The substance dualism of Richard Swinburne: current state and criticism
DOI:
https://doi.org/10.21146/2072-0726-2020-13-3-175-188Keywords:
analytic philosophy, philosophy of mind, Richard Swinburne, substance dualism, the mind-body problemAbstract
This article is one of the first articles in Russian discussing Richard Swinburne’s recent views on the mind-body problem. Richard Swinburne is a contemporary British theologian and analytic philosopher specializing in the philosophy of religion and philosophy of science. In the philosophy of mind, Swinburne defends a quite unpopular position – the substance dualism. This position is based on the cartesian dualism and some old scholastic conceptions. Swinburne tries to advocate all versions of the mind-body dualism: he moves from the predicate dualism to the property dualism and then from the property dualism to the substance dualism. As Descartes, Swinburne sees the mental and the physical as two separate domains.

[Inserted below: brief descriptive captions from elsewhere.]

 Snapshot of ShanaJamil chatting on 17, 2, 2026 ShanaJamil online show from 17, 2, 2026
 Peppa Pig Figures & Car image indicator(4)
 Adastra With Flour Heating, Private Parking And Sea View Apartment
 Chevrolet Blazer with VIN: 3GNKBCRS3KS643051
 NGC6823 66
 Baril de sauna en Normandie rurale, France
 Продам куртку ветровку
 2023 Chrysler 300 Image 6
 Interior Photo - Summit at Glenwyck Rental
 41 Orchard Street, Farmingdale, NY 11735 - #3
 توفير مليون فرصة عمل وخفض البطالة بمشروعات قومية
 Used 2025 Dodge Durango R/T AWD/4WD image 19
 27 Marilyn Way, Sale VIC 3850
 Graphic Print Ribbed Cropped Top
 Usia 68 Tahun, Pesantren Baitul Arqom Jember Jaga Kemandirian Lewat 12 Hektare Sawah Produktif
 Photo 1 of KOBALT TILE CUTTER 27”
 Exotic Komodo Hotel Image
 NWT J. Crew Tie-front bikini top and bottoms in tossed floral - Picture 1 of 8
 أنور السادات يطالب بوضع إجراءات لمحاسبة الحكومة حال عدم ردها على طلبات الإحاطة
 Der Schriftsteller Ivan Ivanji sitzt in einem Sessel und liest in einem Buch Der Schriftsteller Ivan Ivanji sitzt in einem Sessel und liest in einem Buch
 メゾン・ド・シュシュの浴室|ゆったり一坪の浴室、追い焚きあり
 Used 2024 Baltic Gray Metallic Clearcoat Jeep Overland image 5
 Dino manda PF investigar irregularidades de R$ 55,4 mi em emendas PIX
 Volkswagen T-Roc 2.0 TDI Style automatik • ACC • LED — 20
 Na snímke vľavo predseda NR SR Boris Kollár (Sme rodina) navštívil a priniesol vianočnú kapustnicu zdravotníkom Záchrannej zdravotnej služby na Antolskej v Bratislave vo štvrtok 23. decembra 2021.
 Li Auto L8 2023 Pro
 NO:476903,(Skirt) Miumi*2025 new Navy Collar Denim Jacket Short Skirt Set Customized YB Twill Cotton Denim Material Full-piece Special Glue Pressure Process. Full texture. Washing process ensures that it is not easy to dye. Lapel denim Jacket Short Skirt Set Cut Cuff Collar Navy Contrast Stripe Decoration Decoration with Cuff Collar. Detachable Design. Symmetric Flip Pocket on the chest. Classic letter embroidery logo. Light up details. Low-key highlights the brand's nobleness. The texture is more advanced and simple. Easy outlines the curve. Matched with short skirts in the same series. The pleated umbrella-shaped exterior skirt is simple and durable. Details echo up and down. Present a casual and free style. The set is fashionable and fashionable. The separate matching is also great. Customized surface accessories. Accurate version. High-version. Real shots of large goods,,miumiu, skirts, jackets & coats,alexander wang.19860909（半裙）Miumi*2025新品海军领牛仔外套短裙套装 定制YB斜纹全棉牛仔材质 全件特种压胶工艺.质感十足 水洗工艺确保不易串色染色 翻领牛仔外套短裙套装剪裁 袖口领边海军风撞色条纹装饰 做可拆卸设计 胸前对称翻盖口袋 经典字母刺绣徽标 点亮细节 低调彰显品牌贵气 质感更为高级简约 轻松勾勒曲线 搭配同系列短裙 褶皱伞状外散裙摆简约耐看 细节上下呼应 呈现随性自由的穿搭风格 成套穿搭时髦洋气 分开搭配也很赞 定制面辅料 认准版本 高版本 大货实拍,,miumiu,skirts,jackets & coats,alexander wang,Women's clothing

In particular, he denies the supervenience thesis which is shared now by most analytic philosophers of mind and appeals to a causal interactionism between mental and physical events. Moreover, Swinburne uses the concept of substance. He defines the substance as something that is not reduced to a collection of properties instantiated in it. With regard to the problem of the nature of a human being, Swinburne shares the compound dualism, according to which the nature of a human being consists of two parts: the essential (mental substance) and the non-essential (physical substance). Based on his substance dualism and the modal argument of Descartes, Swinburne claims that the existence of the consciousness does not depend on the existence of the physical body. The author gives some objections against Swinburne’s substance dualism. Some of these objections are based on the arguments of other famous analytic philosophers. The conclusion states that we cannot take Swinburne’s substance dualism as a correct mind-body theory. The author argues that this philosophical conception introduces many unjustified hypotheses and it actually does not do its explainatory job.